Living a two-wheeler dream – at 73
LOGAN Markandan is not your typical grandfather.
At 73, he loves nothing more than to hop on his shiny new Harley Davidson Sportster, clutching the low-rise, drag-style handlebars, and to take to the road with the wind in his face.
“I’m as free as a bird, at one with nature,” Markandan of Chatsworth says, describing the joys of being a lone rider.
The Iron 883, a gift from his daughter, is the latest addition to his collection of classics. It took three trips to Johannesburg and several to a Durban dealer to get what he wanted.
“In the 1960s, I was on a road trip to Cape Town with my 1952 500cc Matchless, which had no oil leaks and was spotless. After admiring its condition, my friend, Mannie Malgas, said, ‘Logan, if you haven’t ridden a Harley Davidson, you haven’t ridden a motorcycle.’ That thought stuck with me for years and now I own and ride the American dream,” he quipped.

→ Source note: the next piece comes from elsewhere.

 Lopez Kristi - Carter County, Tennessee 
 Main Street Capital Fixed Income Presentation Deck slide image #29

His penchant for big toys with noise began when he was just six years old.
Formerly from Kings Rest on the Bluff, he recalls having another agenda when he went shopping with his mother to Clairwood. “I would refuse to go in and
instead stand outside and wait for the men with leather jackets and boots riding motorcycles to stop at a shop nearby.

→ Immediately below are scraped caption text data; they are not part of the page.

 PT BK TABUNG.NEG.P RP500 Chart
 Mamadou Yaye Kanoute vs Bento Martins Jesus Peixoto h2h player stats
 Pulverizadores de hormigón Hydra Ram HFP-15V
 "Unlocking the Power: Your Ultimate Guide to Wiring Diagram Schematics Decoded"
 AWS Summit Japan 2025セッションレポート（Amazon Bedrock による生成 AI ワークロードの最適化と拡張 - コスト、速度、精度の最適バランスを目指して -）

“I would watch in awe until I could no longer hear the roar of the engines. I knew then that when I grew up I would buy a motorbike. It’s all I’ve ever wanted,” he said.
Despite growing up poor , Markandan saved as much as he could, and, at 20, bought his first motorcycle, a 1947 350cc Matchless for R300.

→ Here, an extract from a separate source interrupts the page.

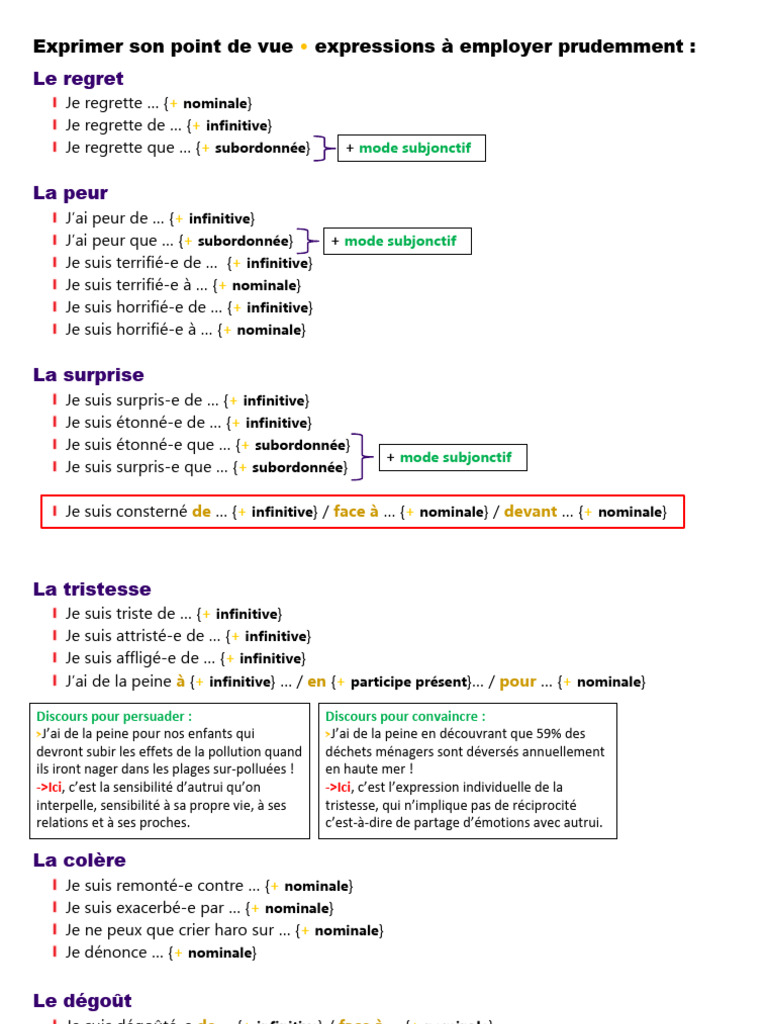 Expressions pour exprimer émotions | PDF
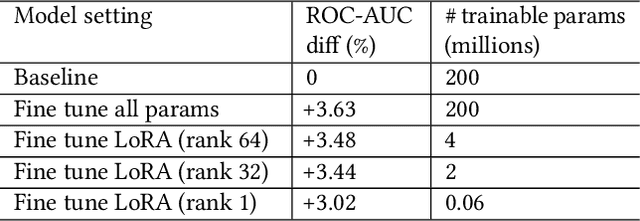 Figure 2 for Privacy Preserving Conversion Modeling in Data Clean Room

Being injured a few times – including a right leg fracture – and getting traffic fines did not stop him from riding.
“I used to be fearless. I felt like the king of the road. I could jump on the bike and head off any time of day or night and nobody could stop me. Of course my mother used to get upset, but I was too stubborn to listen. It always had to be my way. My friends called me the leader of the pack because I influenced a lot of people to ride bikes,” he said.
But those daredevil antics have now taken a back seat. Markandan says, “I have great respect for all road users and for nature. We have such a beautiful country and you get the best views from a motorbike and you become one with nature. Other benefits include battling less with congested roads, more parking space and economy. More people should ride bikes, irrespective of sex or age.”
Asked how his friends and family reacted to his Harley, he said they were as thrilled as he was.